Dicky Satriawan Rahardi/LPM Kentingan

Jatuh Tempo

14

Puisi-puisi Dhiazwara Yusuf Dirga A

Jatuh Tempo

Yogya tak jauh berbeda

Kota yang padu dengan gemuruh rel dan desakan pundak purnawaktu

Gerbong-gerbong konstan itu turut berderik

Menagih letupan rindu yang sudah jatuh tempo

“Livin la vida loca,” pekik kondektur sambil merunut lajur

 

Seperti dendam rindu harus dibayar tuntas pulas

Bukan soal halaman-halaman novel yang kauanggap sial

Bukan pula celetukan murah menyiasati gusar

Americano terjerembab di hadapan tegas gincu merah jambu

Jangan salahkan Dosa, kota, kenangan yang menyeruak di keterbatasan

bahasa(n)

Kopi susu, fill in blue

 

Periksa lagi surat kaleng yang mulai usang

Narasi jemawa dari tandusnya ruang bercinta

Pugaran kegelisahan dari lingkar keterikatan junta smansa

Semburat eksistensimu mendekap malam yang pesat

di peremperan kedokteran hewan

Lengkap, lekat

 

Yang kau terlewat

Aku mengais residu dari secercah ingatan garis bibirmu

Sukarela menjadi bulan-bulanan sorot lampu Sayidan

Lanskap pijar ceria yang menakar putus asa di tengah gaduh sumpit yang beradu

Menjumput kepastian di seronok mi godog Pak Anto

Paripurna

 

Setidaknya kabar-kabar tentang pisah ranjang dan adu gagasan itu dapat kupastikan

Bunga tidur yang bergeliat itu kini tak lagi tercekat

Lagi lagi asu

Asu bukan sembarang aku

Asu yang sama yang kita bawa lima tahun lalu

Asu yang kita janjikan

Asu yang menyalak dalam bait guyonan

Ah, Yogyakarta… Kadaluarsa.

(Yogyakarta, 2024)

 

itinerari 

Seharian bertafakur buah impulsif jerembab ketidakpastian yang masif. Buntut urang yang tak dikondisikan merintis jalan pulang. Aku turut mengitari poros kesusastraan ala Mahmoud Darwish cabang Gondomanan. Menjumput kaleng Khong Guan suguhan Jokpin Jogja. Jogja yang seyogyanya manis. Dengan p(em)ilu yang diromantisasi di bawah gidik aspal Jalan Suroto. Kenalan dong, sama Adrianne Lenker. Not a lot, just forever. Headset Samsung bernada parau jadi bebunyian nyeri sepanjang perjalanan. Perjalanan mencari kitab asem kencur bersama occur. Byuh. Apalagi itu yang Mitski. Katanya dia my love mine all mine.

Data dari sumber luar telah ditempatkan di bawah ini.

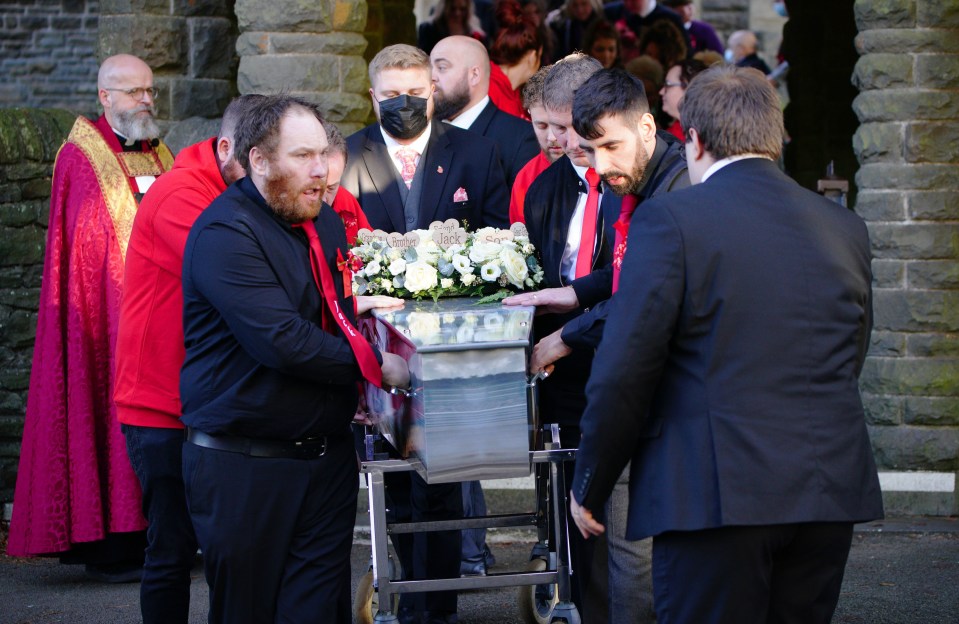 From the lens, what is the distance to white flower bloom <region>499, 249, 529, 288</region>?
5035mm

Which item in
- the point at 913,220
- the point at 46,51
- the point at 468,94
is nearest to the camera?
the point at 468,94

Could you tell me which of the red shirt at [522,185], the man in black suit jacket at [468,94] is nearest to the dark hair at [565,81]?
the red shirt at [522,185]

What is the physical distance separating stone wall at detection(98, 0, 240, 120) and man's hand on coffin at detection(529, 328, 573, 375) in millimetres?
4578

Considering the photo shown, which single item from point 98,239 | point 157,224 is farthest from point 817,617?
point 98,239

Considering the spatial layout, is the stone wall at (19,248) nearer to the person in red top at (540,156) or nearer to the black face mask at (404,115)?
the black face mask at (404,115)

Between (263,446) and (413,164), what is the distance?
7.08ft

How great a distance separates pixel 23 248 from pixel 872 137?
4428 millimetres

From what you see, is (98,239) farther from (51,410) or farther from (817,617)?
(817,617)

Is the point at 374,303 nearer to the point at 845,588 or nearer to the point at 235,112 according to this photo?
the point at 235,112

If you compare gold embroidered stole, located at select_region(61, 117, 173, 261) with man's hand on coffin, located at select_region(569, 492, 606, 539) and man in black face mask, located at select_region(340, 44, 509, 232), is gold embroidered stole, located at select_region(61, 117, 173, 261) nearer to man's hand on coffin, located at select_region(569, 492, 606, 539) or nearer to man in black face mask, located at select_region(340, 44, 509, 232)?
man in black face mask, located at select_region(340, 44, 509, 232)

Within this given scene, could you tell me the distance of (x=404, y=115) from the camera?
19.8 feet

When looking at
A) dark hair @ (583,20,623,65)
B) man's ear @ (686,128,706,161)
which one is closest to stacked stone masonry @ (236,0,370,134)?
dark hair @ (583,20,623,65)

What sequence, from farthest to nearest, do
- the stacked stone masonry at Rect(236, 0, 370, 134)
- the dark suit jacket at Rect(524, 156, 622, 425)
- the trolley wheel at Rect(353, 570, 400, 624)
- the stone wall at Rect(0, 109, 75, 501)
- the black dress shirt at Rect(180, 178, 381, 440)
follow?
the stacked stone masonry at Rect(236, 0, 370, 134) < the stone wall at Rect(0, 109, 75, 501) < the trolley wheel at Rect(353, 570, 400, 624) < the dark suit jacket at Rect(524, 156, 622, 425) < the black dress shirt at Rect(180, 178, 381, 440)

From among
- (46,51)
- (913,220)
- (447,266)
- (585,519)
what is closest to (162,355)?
(447,266) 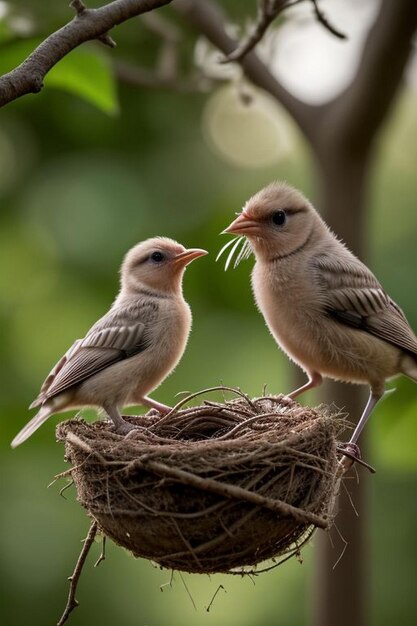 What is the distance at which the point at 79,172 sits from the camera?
10.2m

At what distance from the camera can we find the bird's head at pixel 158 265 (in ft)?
14.1

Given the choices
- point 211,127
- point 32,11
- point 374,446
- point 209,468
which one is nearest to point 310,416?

Ya all mineyour love dijual terpisah.

(Yogyakarta, 2024)

 

Simple notes for ancient broken students

Kota yang asu bukan kepalang. Mengitari riak-riak selaput kekuningan di atas keningmu. Menjadi aku dan kita adalah niscaya yang tertunda. Bukan lagi perihal pashmina kastanye dan garis bibir yang melebar. Nafsu berjelaga dengan kedua mata telanjang di pusaran Taman Sari. Kesumatku melaju di bawah ketakutan brotowali.

Yang kau banggakan. Sudut-sudut kota dengan pelicinnya di bawah sekat gerobak biru. Kanebo Pak Dibyo yang kau andalkan tak lagi mengeringkan tetesan gusar di tengah Beringharjo. Apa yang Tumini lakukan adalah sehat. Mencampur populis dalam suwir ayam yang meregang di atas sumpit itu.

Bukan semata femme fatale atau pikatan ala kembang desa sebelah. Adalah aku yang kalut. Hingga mengambil peran yang telah tanggal. Barangkali jadi selanjutnya. Mengamini seterusnya. Ah, Yogyakarta. Jadikan.

(Surakarta, 2023)

 

Dhiazwara Yusuf Dirga A. Mahasiswa komunikasi, yang hidupnya serba kadang-kadang.